I never want to see him again.
It’s just past ten when I get back to the flat. Kazia, on the mend now, is sitting at the table with Mum and Dad, eating toast made from Tesco Value bread.
Mum looks up, alarmed. ‘Anya?’ she asks. ‘We didn’t expect you back for another hour. Is everything all right?’
I’ve wiped the tears away, tried to tidy my makeup, but when I catch a glimpse of my reflection in the mirror on the wall, I can see I look windswept and weary and sad.
‘The music was rubbish,’ I tell them. ‘We left early.’
Well, Dan and I did, anyhow. We just didn’t leave together.
‘But it was your special night!’ Mum argues.

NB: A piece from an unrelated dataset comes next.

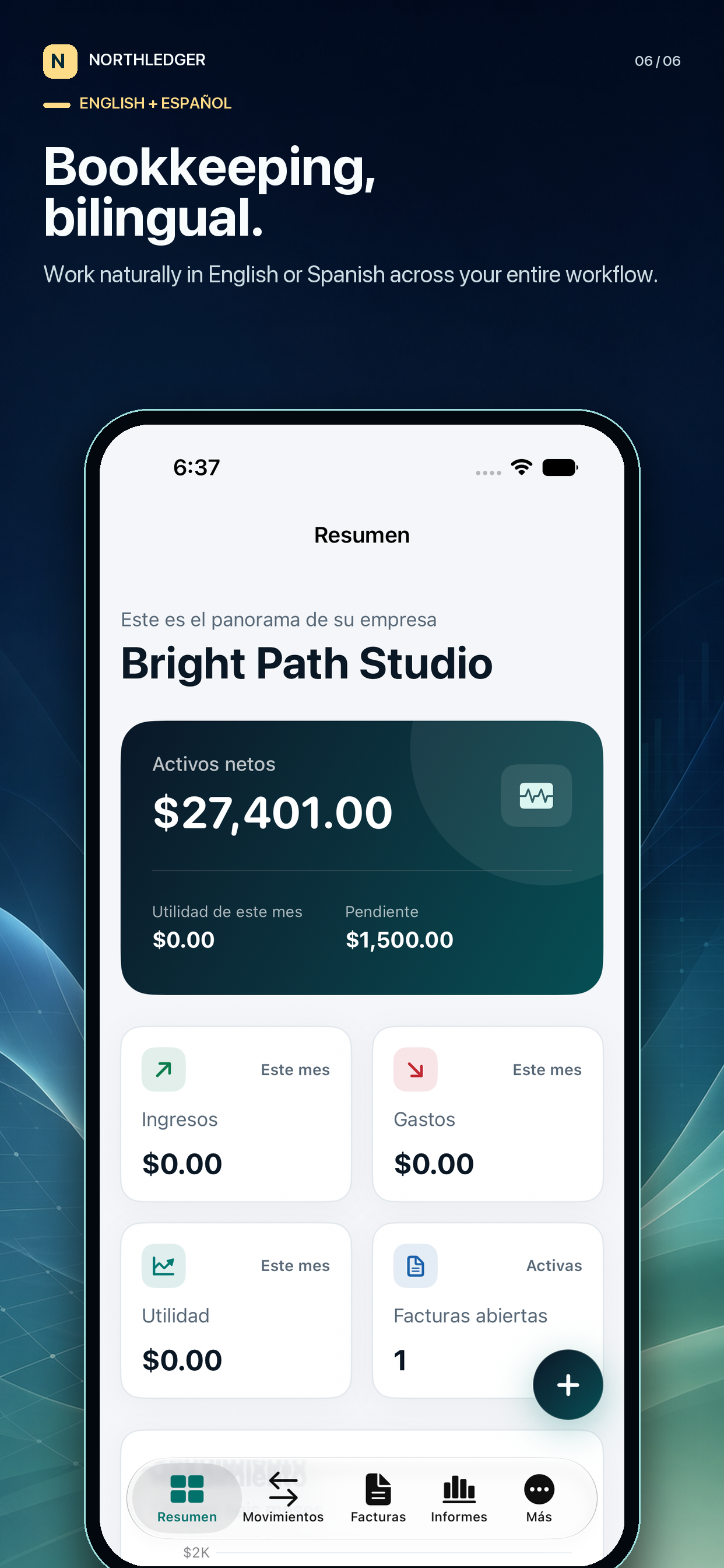 NorthLedger-Bookkeeping screenshot 6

‘I know… I just wasn’t in the mood. Besides, it’s Christmas Eve tomorrow. I wanted to be home.’
I sit down at the table, take a piece of toast. The bread is not as nice as the rye bread Mum makes, but it’s cheaper than buying the ingredients to bake it. I scrape a knife round the empty jam jar, then go to the cupboard to see if there’s any more. It’s almost empty. A jar of sauerkraut, an apple, half a bag of flour. No jam, no honey.

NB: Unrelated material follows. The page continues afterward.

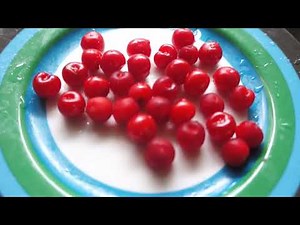 ユスラウメの実を使って果実酒を作る Making fruit wine using sour cherries.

‘I’ll shop tomorrow,’ Mum promises. ‘We’ll still have our special meal tomorrow night. Traditional. We’ll make things as nice as we can, even though…’
She looks at Dad, and he looks at the tabletop guiltily.
‘I have to go into work in the morning, just for a little while,’ he says. ‘I have a few things to do, but don’t worry, this is the last time. Things will change now.’
‘So business is better?’ I ask.
Dad looks uncomfortable.
‘Tell them, Jozef,’ Mum says gently.
‘Not better,’ Dad says. ‘I’ve tried and tried, but ever since Yuri left things have been getting worse and worse. Problems, debts, complaints… I can’t make it work. My savings are gone… it’s time to stop. Tomorrow I’ll clear the office. The business is over.’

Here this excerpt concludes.